On Sat, Nov 30, 2019 at 11:50 AM Mikael Pettersson <[hidden email]> wrote:
On Fri, Nov 29, 2019 at 11:47 PM Roberto Ostinelli <[hidden email]> wrote:
>
> All,
> I have a gen_server that in periodic intervals becomes busy, eventually over 10 seconds, while writing bulk incoming data. This gen_server also receives smaller individual data updates.
>
> I could offload the bulk writing routine to separate processes but the smaller individual data updates would then be processed before the bulk processing is over, hence generating an incorrect scenario where smaller more recent data gets overwritten by the bulk processing.
>
> I'm trying to see how to solve the fact that all the gen_server calls during the bulk update would timeout.

If there is more logic in the gen_server for incoming data, have it
offload all writes to the separate process, using its message queue as
a buffer.  Otherwise make the sends to the gen_server asynchronous.
Reply | Threaded
Open this post in threaded view
|

Re: gen_server locked for some time

Max Lapshin-2
In flussonic we use concept of fast and slow servers.
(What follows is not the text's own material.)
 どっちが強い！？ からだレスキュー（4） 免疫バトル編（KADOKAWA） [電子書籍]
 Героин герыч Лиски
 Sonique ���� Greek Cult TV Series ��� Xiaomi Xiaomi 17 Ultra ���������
Fast gen_server must never get blocked and it is safe to gen_server:call him.   Slow can get blocked on disk I/O or some other job.

Good idea is when slow can ask fast for some job.
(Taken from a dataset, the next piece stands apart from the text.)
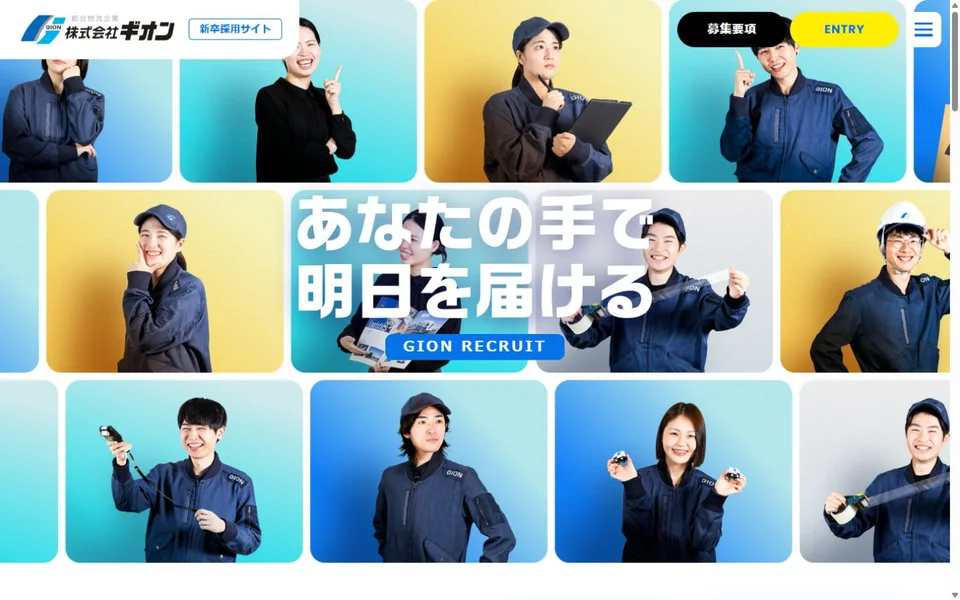ギオン 新卒採用サイトのプレビュー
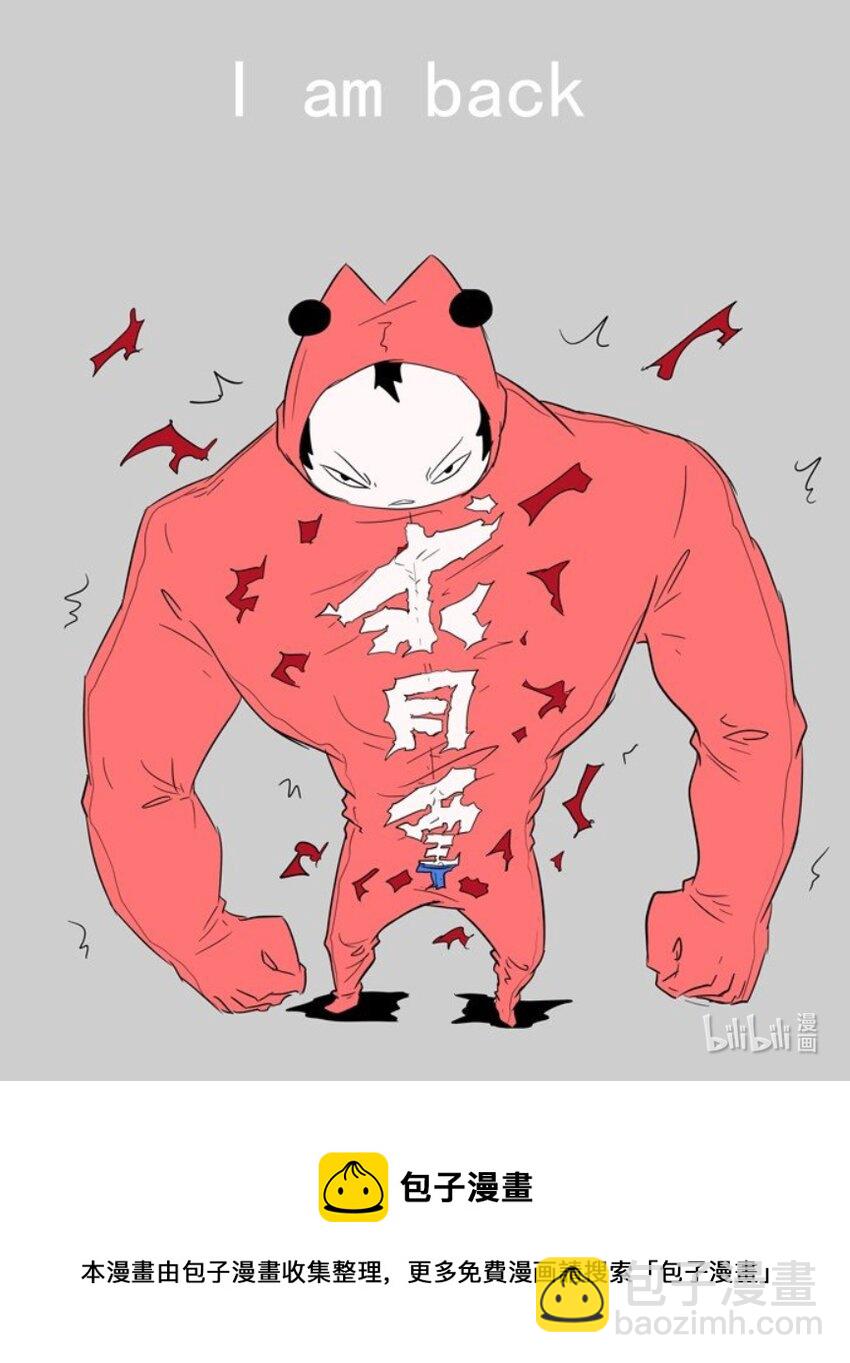🍱神俑降临 023 神兵解放下 第9页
Fast can go to slow server, but very carefully: check first if it is safe to make this call.
Reply | Threaded
Open this post in threaded view
|

Re: gen_server locked for some time

Jesper Louis Andersen-2
In reply to this post by Roberto Ostinelli-5
Another path is to cooperate the bulk write in the process. Write in small chunks and go back into the gen_server loop in between those chunks being written. You now have progress, but no separate process.

Another useful variant is to have two processes, but having the split skewed. You prepare iodata() in the main process, and then send that to the other process as a message. This message will be fairly small since large binaries will be transferred by reference. The queue in the other process acts as a linearizing write buffer so ordering doesn't get messed up. You have now moved the bulk write call out of the main process, so it is free to do other processing in between. You might even want a protocol between the two processes to exert some kind of flow control on the system. However, you don't have an even balance between the processes. One is the intelligent orchestrator. The other is the worker, taking the block on the bulk operation.

Another thing is to improve the observability of the system. Start doing measurements on the lag time of the gen_server and plot this in a histogram. Measure the amount of data written in the bulk message. This gives you some real data to work with. The thing is: if you experience blocking in some part of your system, it is likely there is some kind of traffic/request pattern which triggers it. Understand that pattern. It is often covering for some important behavior among users you didn't think about. Anticipation of future uses of the system allows you to be proactive about latency problems.

It is some times better to gate the problem by limiting what a user/caller/request is allowed to do. As an example, you can reject large requests to the system and demand they happen cooperatively between a client and a server. This slows down the client because they have to wait for a server response until they can issue the next request. If the internet is in between, you just injected an artificial RTT + server processing in between calls, implicitly slowing the client down.


On Fri, Nov 29, 2019 at 11:47 PM Roberto Ostinelli <[hidden email]> wrote:
All,
I have a gen_server that in periodic intervals becomes busy, eventually over 10 seconds, while writing bulk incoming data. This gen_server also receives smaller individual data updates.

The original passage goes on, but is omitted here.